Optimizing the offseason: Diamondbacks position player outlook

After a season marred with disappointment, the Arizona Diamondbacks still have reason to be optimistic heading into the 2013 season. Many of their key players are set to return, and they are poised to make a run at winning the NL West title. As with any team, they look forward to the offseason as a way to improve their on-field product. General Manager Kevin Towers and his brain trust have some work to do. Here’s a look at the field, position by position.

Catcher

Catcher Miguel Montero #26 of the Arizona Diamondbacks fields a ground ball out against the San Francisco Giants during the MLB game at Chase Field on April 8, 2012 in Phoenix, Arizona. The Diamondbacks defeated the Giants 7-6. (Photo by Christian Petersen/Getty Images)
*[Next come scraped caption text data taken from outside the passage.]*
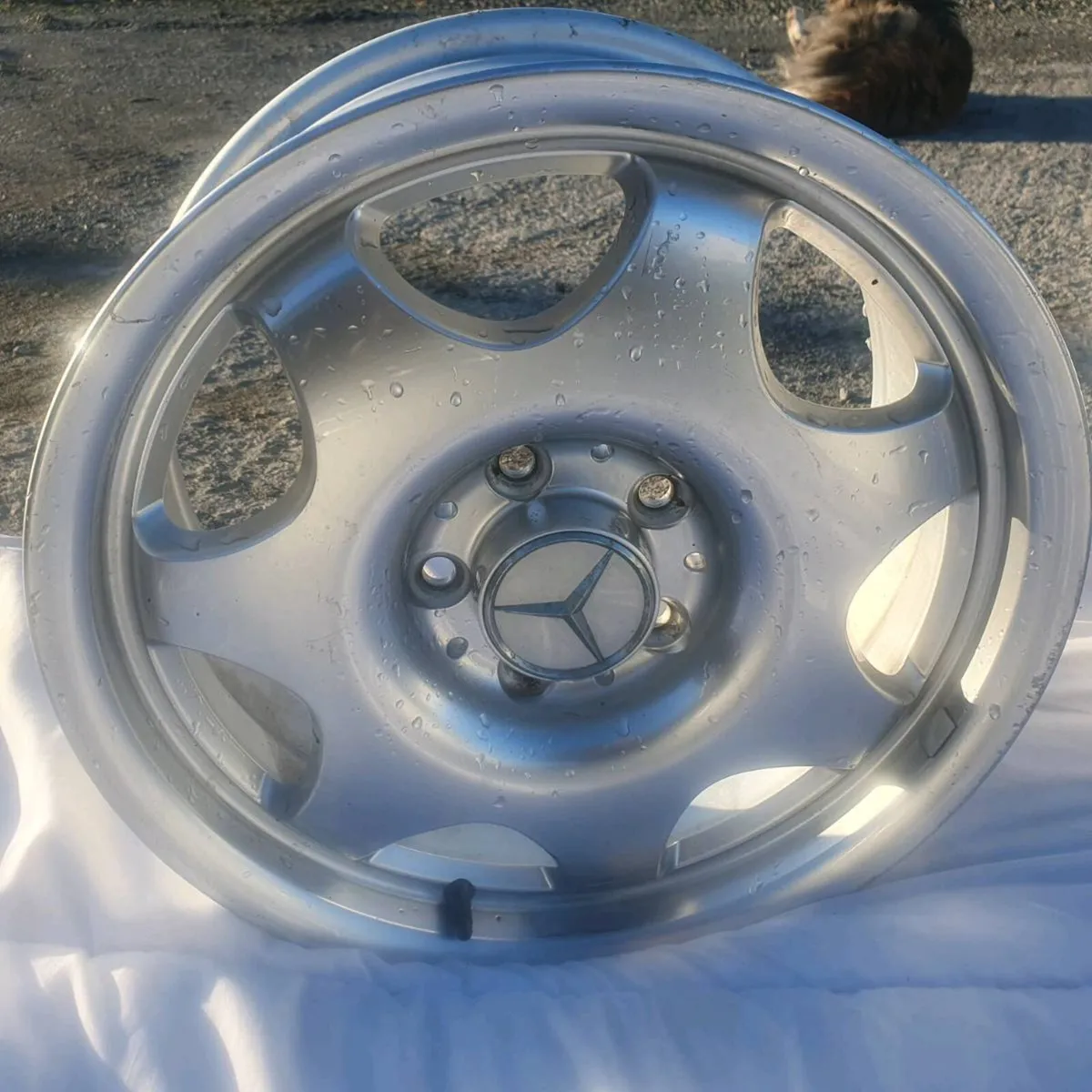 Mercedes benz 16 inch rims - Image 1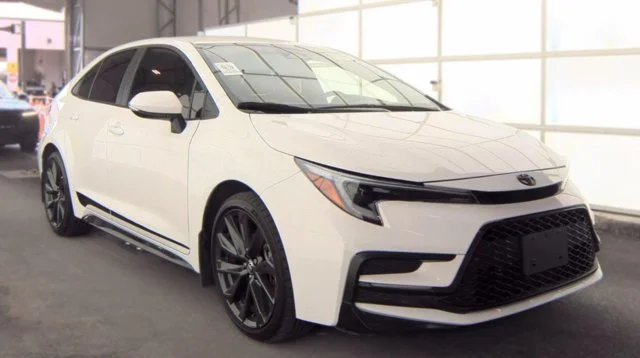 Used 2025 Ice Cap Toyota SE image 2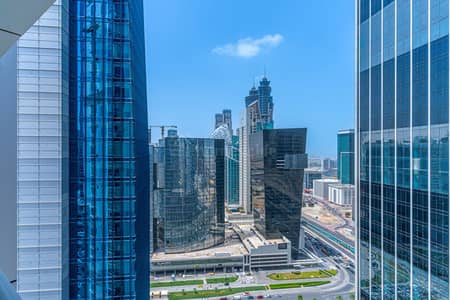 فلیٹ 2 غرفة نوم للبيع في الخليج التجاري، دبي - شقة في برج L،الأبراج الإدارية،الخليج التجاري 2 غرف 2400000 درهم - 8942005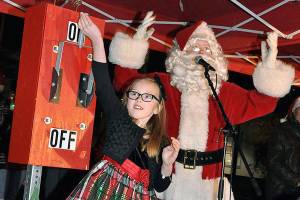 Auburn to light up the holiday season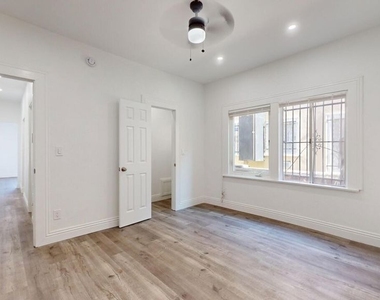 2318 1/2 W Jefferson Boulevard - Photo Thumbnail 12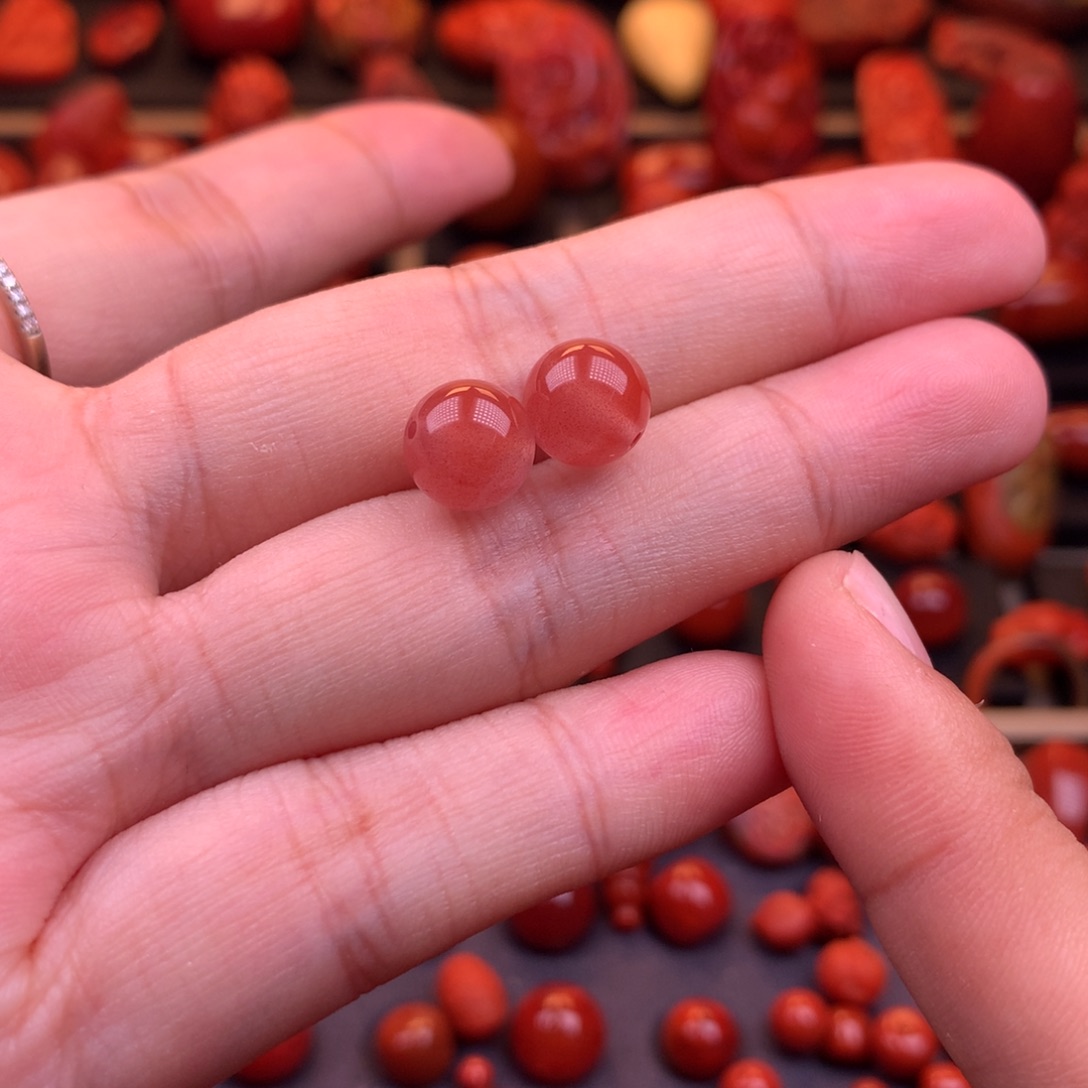 南红玛瑙未镶嵌冰红满沙圆珠对珠9mm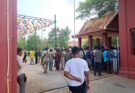 ប្រជាពលរដ្ឋប្រមាណជិត ២០០នាក់ ក្នុងខេត្តព្រះវិហារឡើងមកសាលាខេត្តសារជាថ្មីដើម្បីសួរនាំពីដំណើរការនៃការដោះស្រាយបញ្ហាទំនាស់ដីធ្លីរបស់ពួកគាត់
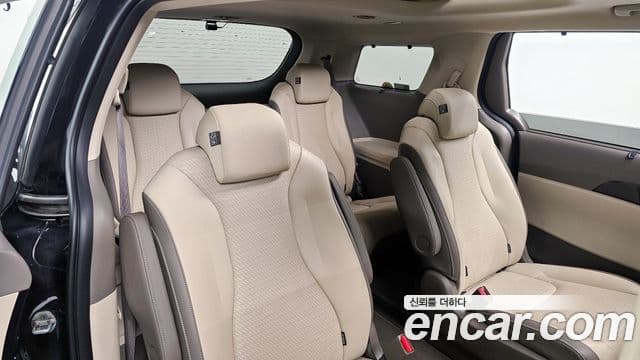 Kia Carnival 2022 — Şəkil 14/20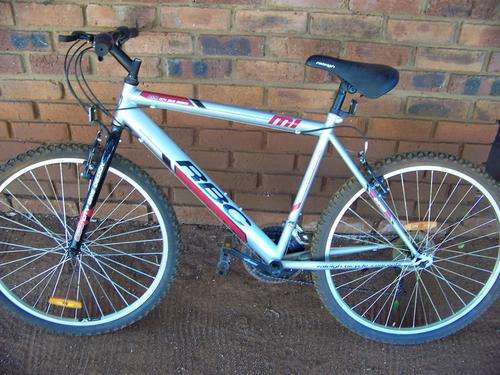 MEN MOUNTAIN BIKE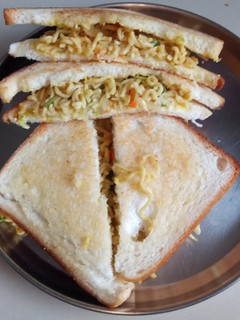મેગી સેન્ડવીચ (Maggi Sandwich Recipe In Gujarati) રેસીપી મુખ્ય ફોટો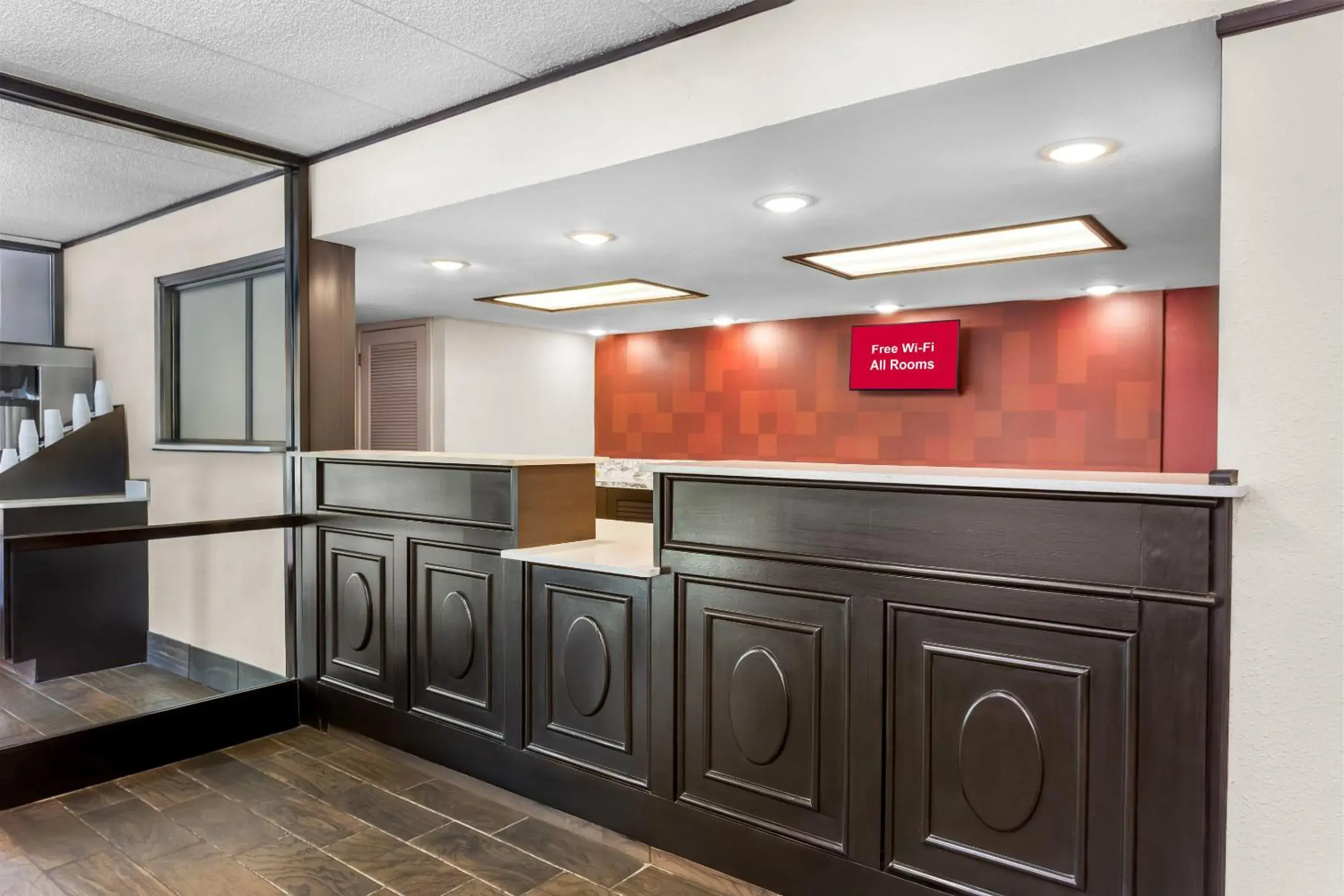 Lobby or reception in Red Roof PLUS Chicago - Hoffman Estates Lobby or reception in Red Roof PLUS Chicago - Hoffman Estates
Miguel Montero recently signed a 5-year, $60 million extension, meaning he will be behind the plate for the foreseeable future. Montero has become one of baseball’s elite catchers, finishing the 2012 season with a slash line of .286/.391/.438 and threw out a career high 42% of would-be base stealers. Montero is a stalwart behind the plate, and will start around 135 games (barring injury) and bat in the middle of the lineup.

First Base
Historically the Dbacks have never had a fixture at first base, instead switching every year or two. Paul Goldschmidt could buck that trend. Goldschmidt has all the makings of a franchise player, and expectations are understandably high going into next season. In his first full season in the Show, he batted .286/.359/.490 with 20 home runs, 82 RBIs, and even stole 18 bases. His glove work is slightly above average, and his career trajectory is similar to that of another star first basemen, Joey Votto. Votto was a young first baseman who could get on base, and had a decent amount of home runs with a lot of doubles. If Goldschmidt can follow Votto’s path, the Dbacks will finally have their first baseman that lasts.

Second Base
To say that Aaron Hill exceeded expectations would be an understatement. He did have a 36 HR season in Toronto in 2009, but his production both before and after that season have led to the thought that that may have been an aberration. Nonetheless, the Dbacks have to be thrilled with what they’ve received since acquiring him in August of 2011. Last season he hit .302/.360/.522 with 26 HR, 85 RBIs, and 93 runs scored. He was the Dbacks’ most consistent player all season and hit for the cycle not once, but twice. His glove work was spectacular, making the toughest plays look easy. He could realistically expect to win the NL’s Silver Slugger for second base, and a Gold Glove would not be out of the question. The team may look into an extension for Hill, who is eligible to become a free agent after 2013.

Shortstop
Just this past weekend the Dbacks shored up their shortstop position by trading Chris Young to the Oakland Athletics in a package including Cliff Pennington. Pennington is a sure handed glove at short, and any offensive output from him should be considered a bonus. Pennington lost his shortstop job to Stephen Drew, ironically enough, and played second base down the stretch. He is still a fantastic defender, and will slot into either the 2-spot in the lineup, or more likely toward the bottom. Chris Owings has played well in the upper minor leagues, but is not ready for 2013, and Pennington will be an excellent stopgap until the organization decides that Owings’ time has come.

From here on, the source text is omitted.